Większość posłów opowiedziała się w środowym głosowaniu przeciwko liberalizacji przepisów dotyczących aborcji, odrzucając projekt autorstwa Ruchu Palikota, który dopuszczał przerwanie ciąży w pierwszych 12 tygodniach. Posłowie opowiedzieli się natomiast za dalszymi pracami nad projektem autorstwa Solidarnej Polski, który przewiduje zakaz aborcji ze względu na upośledzenie płodu.
Mamy kolejny dowód na to, że w Polsce rządzi cały czas PO-PiS, konserwatywne siły górą. Tu nie ma co komentować, jest mi po prostu wstyd, głównie za ludzi z Platformy, którzy zagłosowali w ten sposób - powiedział PAP rzecznik klubu RP Andrzej Rozenek.
Za odrzuceniem projektu RP głosowało 191 posłów PO, przeciw było 4 (m.in.
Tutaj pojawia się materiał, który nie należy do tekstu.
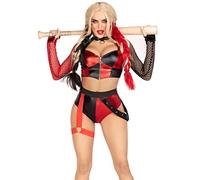 Leg Avenue Costume d'Halloween 2 pièces pour femme avec manches en filet gant, taille S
Iwona Guzowska), a 6 wstrzymało się od głosu (m.in. Agnieszka Kozłowska-Rajewicz). Z kolei przeciwko odrzuceniu projektu ustawy autorstwa SP głosowało 40 posłów PO (m.in. John Godson, Jacek Żalek), wstrzymało się od głosu 28 posłów (m.in. Jarosław Gowin); za odrzuceniem projektu głosowało 194 posłów.
Poseł Ruchu Armand Ryfiński uważa, że mamy do czynienia z "katokalipsą" - słowo takie bliskie apokalipsy. Według niego środowe decyzje posłów ws. projektów cofają nas do średniowiecza. Ryfiński uważa, że odrzucony projekt Ruchu Palikota dawał kobietom możliwość decydowania o własnym ciele, o własnym życiu i zapewniałby im bezpieczeństwo.
Politykom Platformy - poza czterema wyjątkami, które głosowały tak jak Ruch Palikota - jest po prostu zupełnie obcy interes kobiet i ich zdrowie. Bo przecież ok. 200 tys. aborcji dokonywanych jest w podziemiu aborcyjnym, ale oni mają to po prostu w nosie, że kobiety często w warunkach urągających ludzkiej godności muszą dokonywać tych zabiegów - powiedział poseł Ruchu.